Othello: Characters (WJEC Eduqas GCSE English Literature)
Revision Note
Othello: Characters
Each of the characters in Othello shed light on the prevalent themes of the text, and influence how the audience respond to the ideas presented in the tragedy. When revising William Shakespeare’s Othello for your English Literature exam, try to focus not only on the key traits of each character but also on how they interact with one another.
Ideas to consider when discussing characters include:
How characters are established
How characters are presented:
Physical appearance or suggestions about this
Their actions and motives
What they say (and do not say)
How they interact with others
What others say and think about them
How far the characters conform to or subvert stereotypes
Below you will find character profiles of:
Main characters
Othello
Desdemona
Iago
Emilia
Cassio
Bianca
Brabantio
Examiner Tip
Your exam paper will contain an extract that will hold some significance to the play as a whole. Examiners will always award the highest marks to those students who understand the dynamics and nuances of interactions between characters. This is a particularly important aspect of the extract question, which requires that you respond in detail to a brief section of the play. For example, if you are presented with an extract from Act 2 Scene 3 that features Iago getting Cassio intoxicated, prior knowledge of Cassio's promotion and Iago's response to it is essential.

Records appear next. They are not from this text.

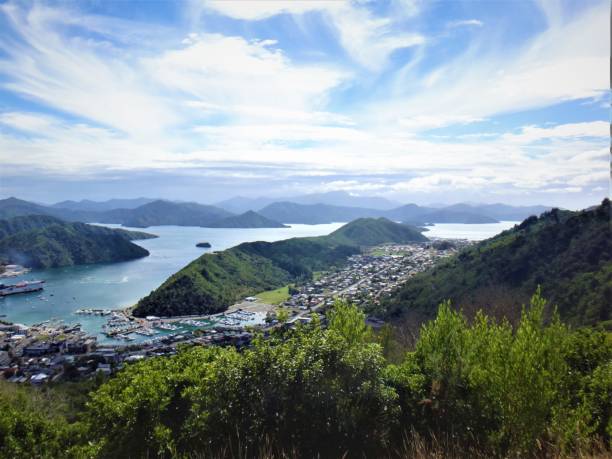 Beautiful Views of Picton area in New Zealand Beautiful aerial views of Picton area with the bay and green mountains in New Zealand picton new zealand stock pictures, royalty-free photos & images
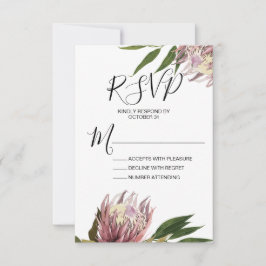 Protea Wedding RSVP Response Card Karte
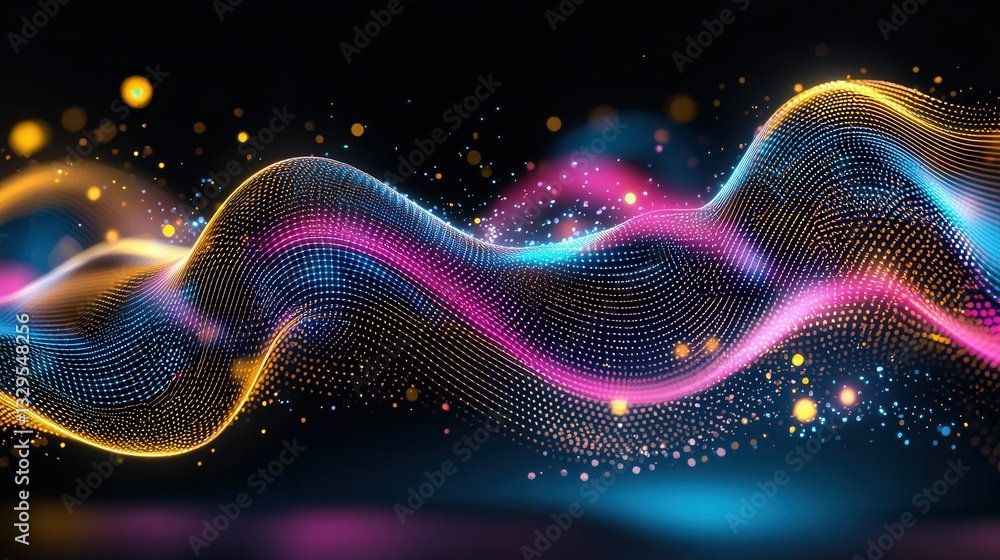 Poster vibrant and dynamic abstract composition featuring mesmerizing glowing neon waves and luminous parti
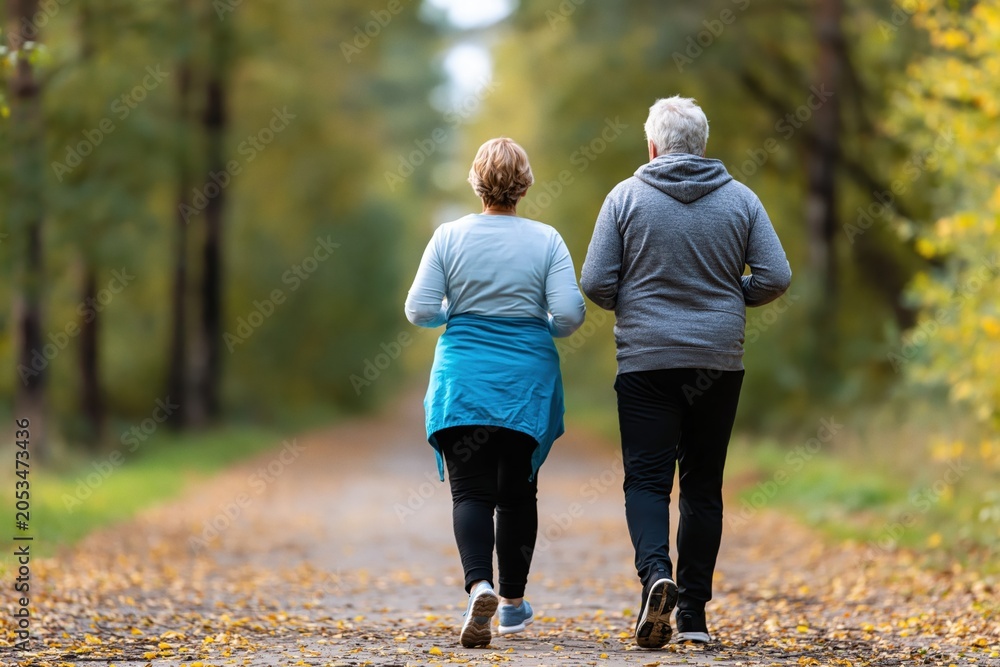 Fototapeta premium Seniors couple walking on autumn forest path enjoying active outdoor lifestyle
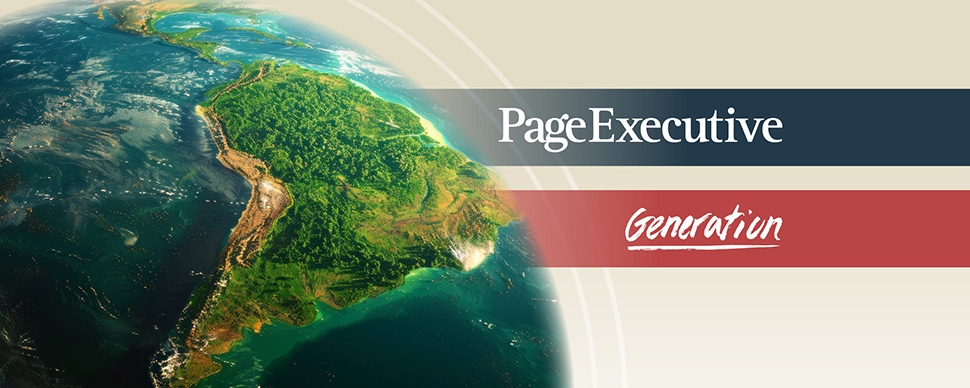 View of South America from space with PageExecutive and Generation branding overlays.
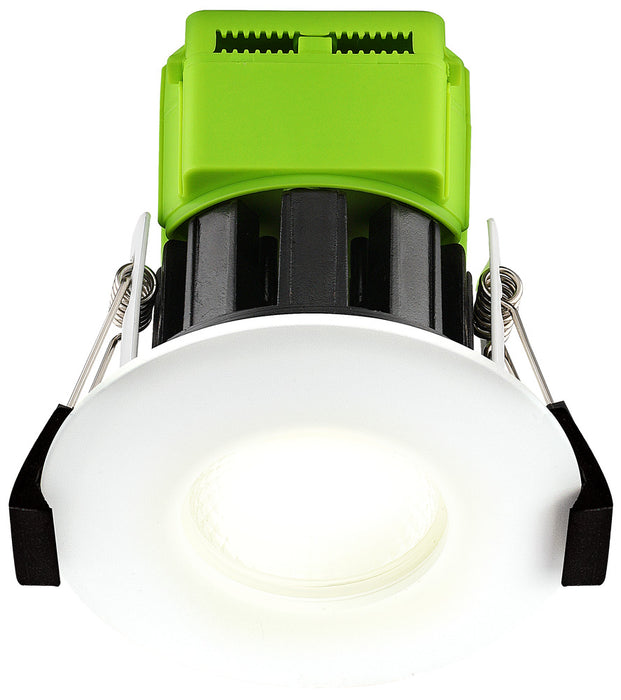 Luceco EFT60W40 FType Fixed 6W Cool White 4000K IP65 Dimmable Fire Rated Downlight - White - westbasedirect.com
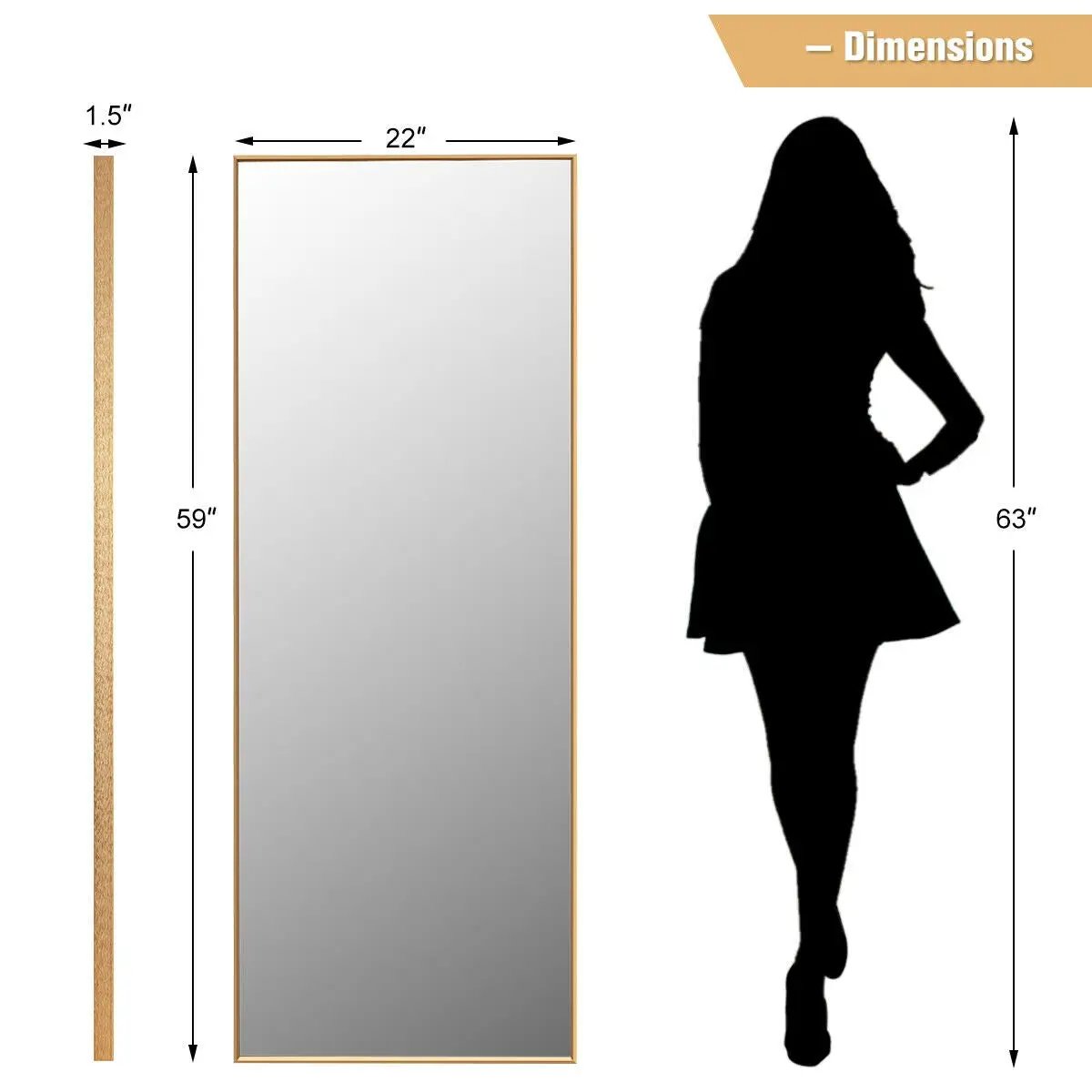 59 Inch Full Length Mirror Large Rectangle Bedroom Mirror by DirectDeals
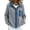 Gray, variant on Cardigan Sweaters For Women Collared Denim Patchwork Button Front Knit Cardigan Loose Fit Long Sleeve Color Block Casual Tops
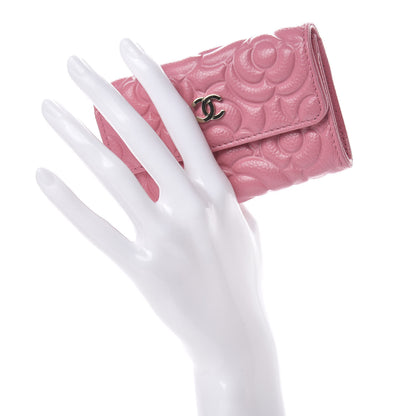 Chanel Caviar Camellia Embossed Card Holder Wallet Pink 2 of 9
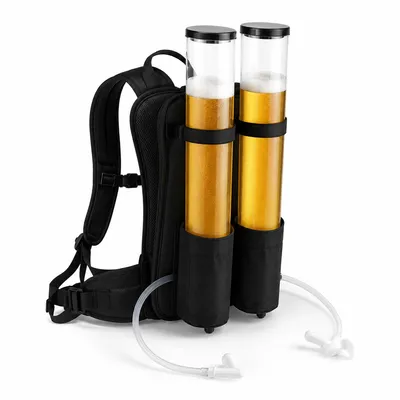 Produktbild von Bier Rucksack Zapfanlage 6L, Doppelkammer Getränkespender mit 2x3L Tanks, tragbarer Getränke Rucksack für Bier, Saft, Cocktail, Party, BBQ & Camping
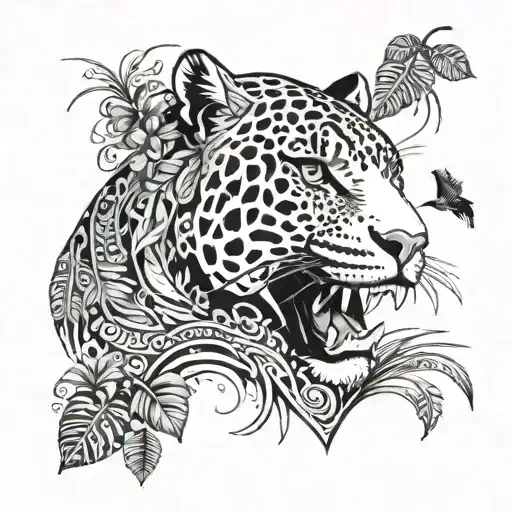 Jaguar In The Forest With Birds And Plants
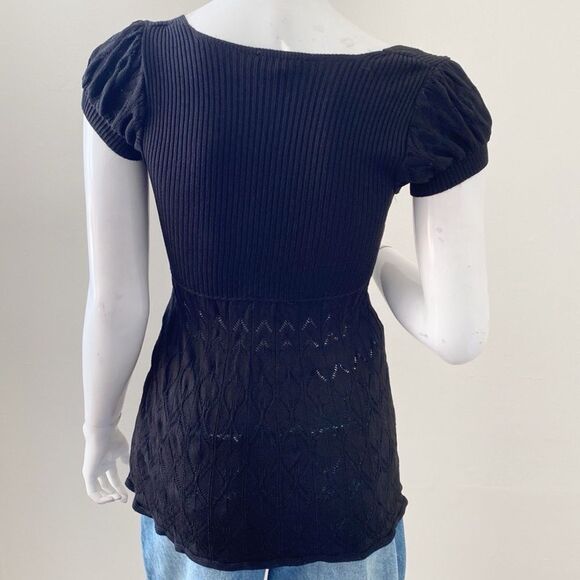 NOT FOR SALE Vintage Y2K 00s Bebe Black Knit Short Sleeve Babydoll Top - Picture 3 of 6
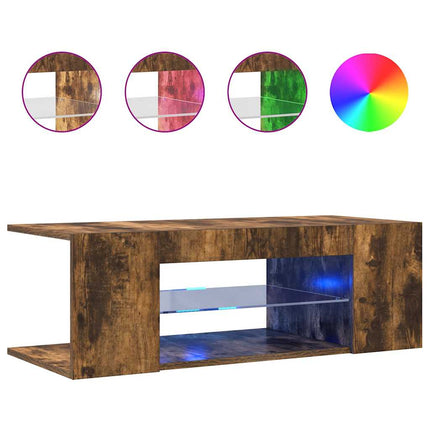 Tv-bänk med LED-belysning rökfärgad ek 90x39x30 cm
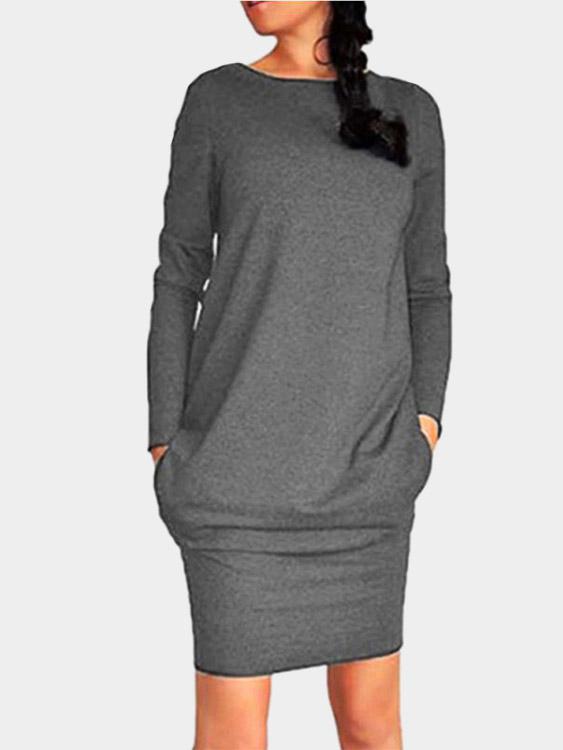 Dark Grey Round Neck Long Sleeve Plain Mini Dress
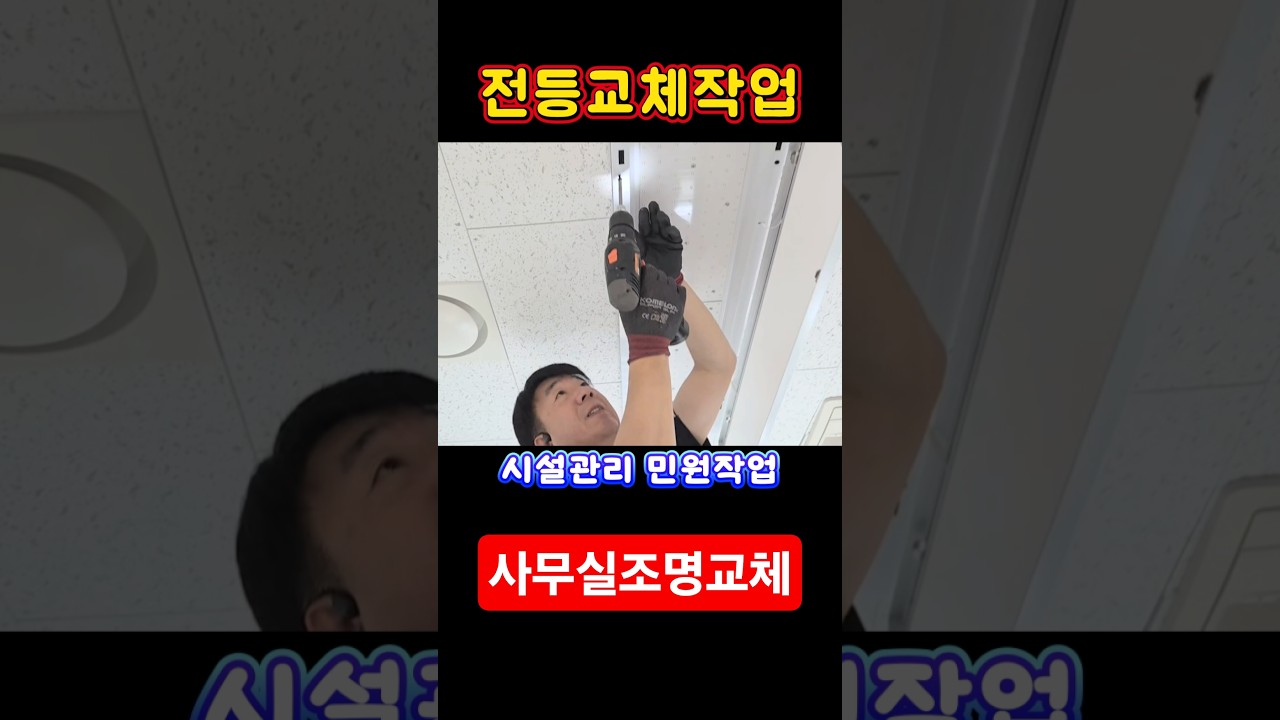 사무실 조명교체 작업 #시설관리 #전기실무 #전기기사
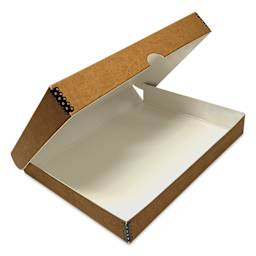 Lineco Folio Archival Storage Box - Tan, Faux Leather, 11" x 14", open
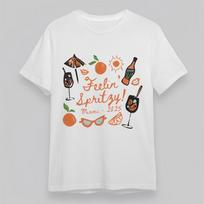 Women's Fashion T-Shirt Tropical Feelin Spritz Tee Short Cotton White Oversize 3XL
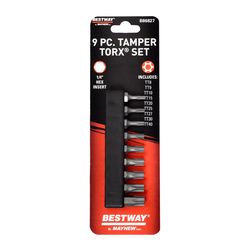 Mayhew Bestway Tamper Torx Screwdriver Bit Set S2 Tool Steel 9 pc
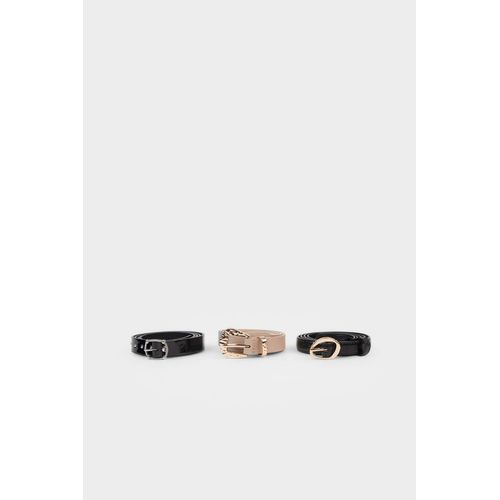 Lot de 3 Ceintures en simili cuir pour femme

It is also important for candidates to remember that an audience has already seen the events that lead up to the extract. While Emilia is shocked at the discovery of Iago’s villainous plot in Act 5 Scene 2, Shakespeare’s audience will not be surprised: the audience have known of Iago’s villainy since the start of the play.
Othello
Othello, the play’s protagonist, is a Moor, and a successful general in the Venetian military:
Othello’s precise race is left ambiguous, as the term “Moor” was used in Early Modern England to describe people from both Africa and Arabia:
Some of Iago’s insulting descriptions of Othello, such as “the thicklips” and “Barbary horse” (Act 1 Scene 1), seem to draw from racist stereotypes of Africans
However, these descriptions (and those from Brabantio and Roderigo) come from the play’s antagonists and are therefore unreliable
Othello is the only explicitly black character in the play, and the only black protagonist in Shakespeare’s oeuvre:
This reflects the fact that Africans were a tiny minority in Shakespeare’s England
Although there were good trading relations between Morocco and England, most of Shakespeare’s audience would never have met or interacted with black people
This makes Othello stand out as unusual, especially because of his esteemed social status
Othello defies the cultural expectations of Moors in terms of his status and nobility:
Before he appears on stage, the audience are led by Iago, Roderigo, and Brabantio to expect a stereotypical immoral, bombastic, lustful figure
When we meet the “Valiant Othello” (Act 1 Scene 3), though, he quickly proves himself to be a worthy figure whose race is presented as a positive:
Although he is a cultural and racial outsider, he is a Christian, he occupies a position of authority and respect and has married a wealthy Venetian woman
His skill as a soldier and leader is valuable and necessary to the state, and the Venetian government trusts Othello to put him in full martial and political command of Cyprus
He is descended from a royal line, and freed himself from slavery
He captivates his peers with his speech, despite humbly professing to be “Rude” in his speech and “little blessed with the soft phrase of peace” (Act 1 Scene 3)
The Duke’s reply to Othello’s speech about how he wooed Desdemona with his tales of adventure emphasises how accepted or desirable Othello is: “I think this tale would win my daughter too” (Act 1 Scene 3)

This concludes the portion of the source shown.